Fed White Paper Explores PayPerks’ Prepaid Benefits Card Literacy Program, Effects (Oct. 24, 2013)
The Federal Reserve Bank of Philadelphia’s Payment Cards Center this week unveiled a white paper analyzing the effects of sweepstakes-based financial literacy programs New York-based PayPerks developed to help educate unbanked and underbanked consumers using prepaid government benefits cards. The 26-page paper, “Driving Positive Behavior Change Through Education and Motivation: Summary of a PayPerks Workshop,” documents the evolution of a program the U.S. Treasury Dept. launched in April of this year with its Direct Express MasterCard prepaid benefits card, concluding that the program has been positively received.
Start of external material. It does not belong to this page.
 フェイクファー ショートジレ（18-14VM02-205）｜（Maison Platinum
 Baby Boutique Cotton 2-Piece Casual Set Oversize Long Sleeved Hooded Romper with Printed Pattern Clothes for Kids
The paper referenced Paybefore’s blog last June touting the program’s early results, including 50,000 Direct Express cardholders enrolling and completing 300,000 education modules.
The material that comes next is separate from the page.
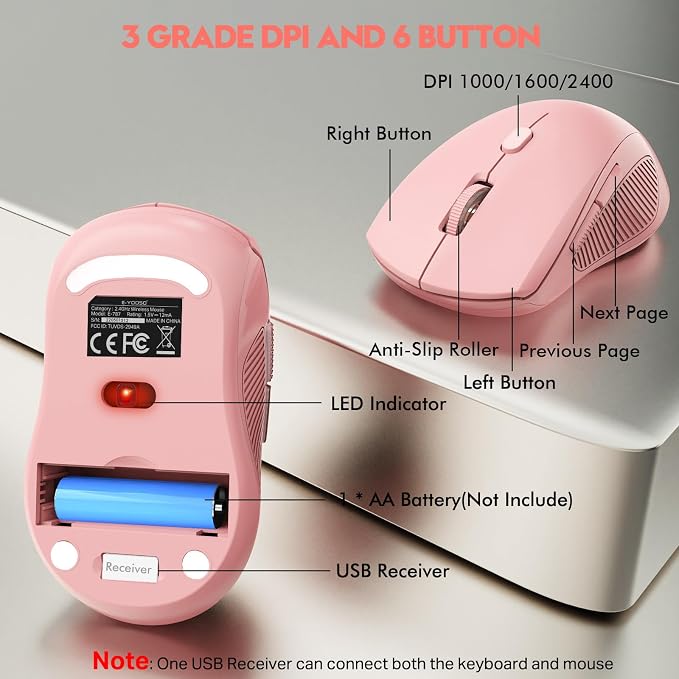 Wireless Keyboard and Mouse Combo, Full Size Ergonomic with Wrist Rest | 2.4GHz USB Receiver, 3 DPI Adjustable 6-Button Cordless Mouse for Computer, Laptop, PC, Windows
The paper’s author, Susan Herbst-Murphy, describes the government’s decision to launch a pilot of PayPerks’ programs, beginning with a May 2012 workshop at the Fed’s Payment Cards Center with PayPerks co-founders Arlyn Davich and Jake Peters, where plans began to take shape for Treasury and the Social Security Administration to launch a program for Direct Express cardholders to help cardholders understand prepaid card benefits and overcome certain problems. The program emphasized tutorials on how to get cash back when making POS purchases, set up recurring payments and use cards to shop on the Internet.
PayPerks’ program, which won the top prize in the Core Innovators Mega Challenge at the Underbanked Financial Services forum earlier this year, enables participants to earn points by taking short, self-directed tutorials on prepaid card use, with those points becoming chances to win cash prizes in monthly sweepstakes drawings. Using humor and other creative approaches, PayPerks’ tutorials help cardholders understand prepaid cards’ benefits and how to use them most effectively, according to Herbst-Murphy. “Government and employers were (and still are) looking to prepaid cards as a bridge to the unbanked for electronic funds distribution,” Herbst-Murphy noted in the paper, adding that “customization is essential as PayPerks expands into different programs and sectors.” PayPerks is working with several other program managers in the prepaid market that are yet to be announced publicly, the author wrote, adding that gamification is beginning to get notice from others. “The Payment Cards Center will watch developments in this area with interest,” she wrote.